---------- Stored data ----------

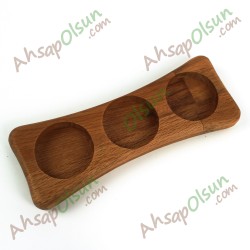 Ahşap 3 Göz Menaj Altlık · 16,2x6,2 cm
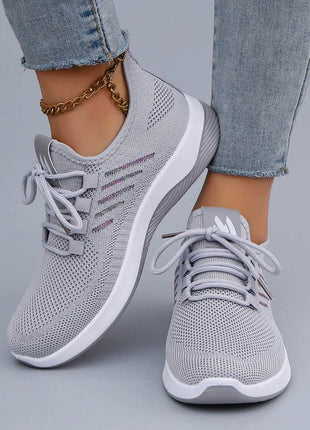 Women's Casual Lace up Comfortable, Breathable, Lightweight and Wear-Resistant Sports Shoes - MimiStylez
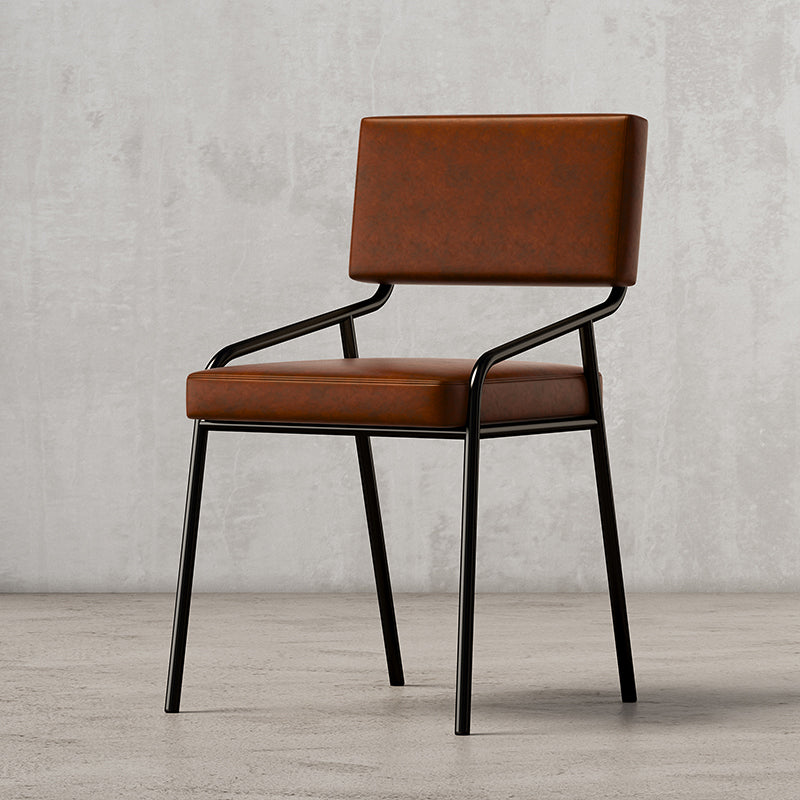 Sillas de comedor de cuero PU silla de brazo de brazo trasero de estilo industrial para comedor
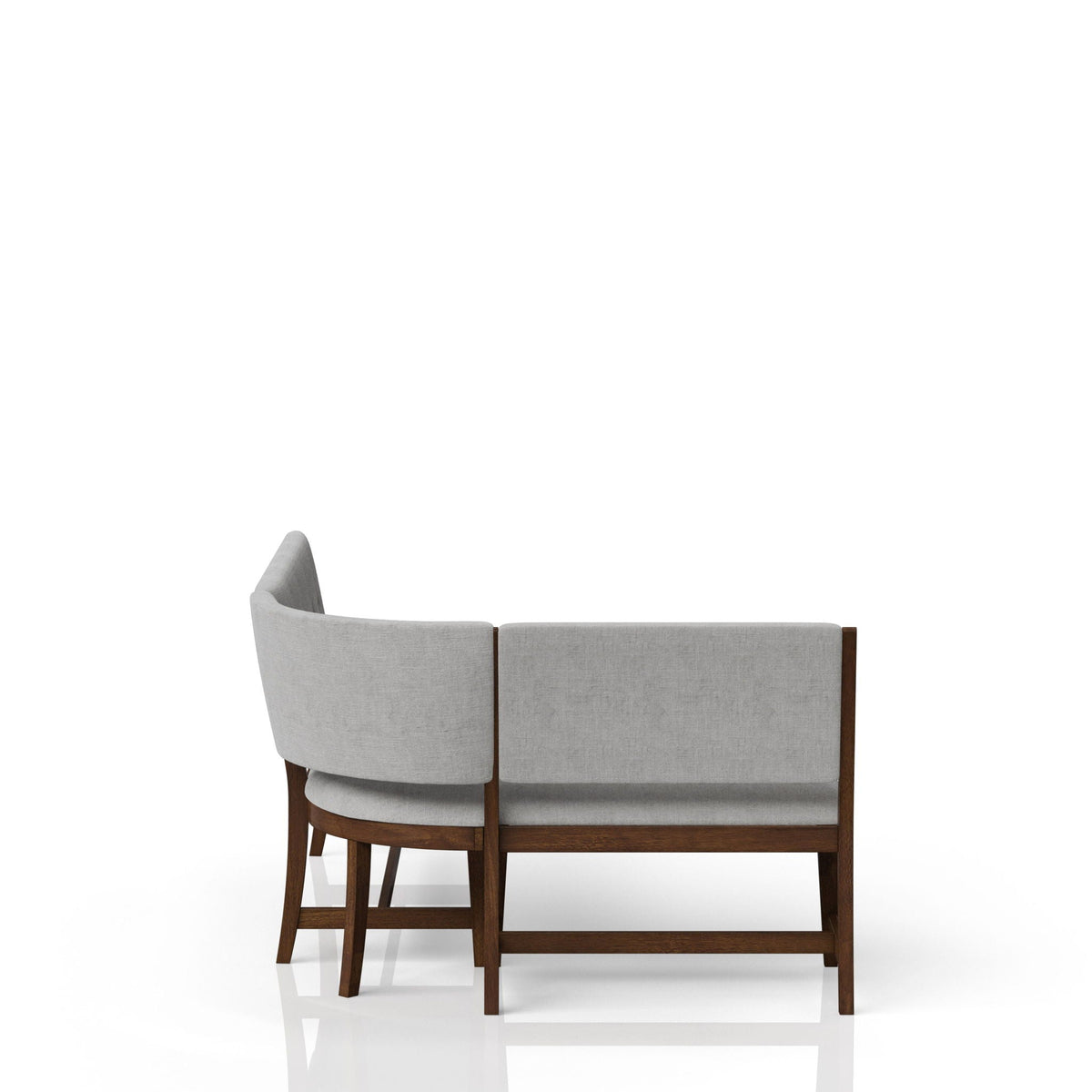 Curved Upholstered Dining Bench with Space-Saving Design - Beige, photo 4 of 6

----------

Make an exact copy of the listing above, omitting the pictures.

__Task output__:
 Ahşap 3 Göz Menaj Altlık · 16,2x6,2 cm
 Women's Casual Lace up Comfortable, Breathable, Lightweight and Wear-Resistant Sports Shoes - MimiStylez
 Sillas de comedor de cuero PU silla de brazo de brazo trasero de estilo industrial para comedor
 Curved Upholstered Dining Bench with Space-Saving Design - Beige, photo 4 of 6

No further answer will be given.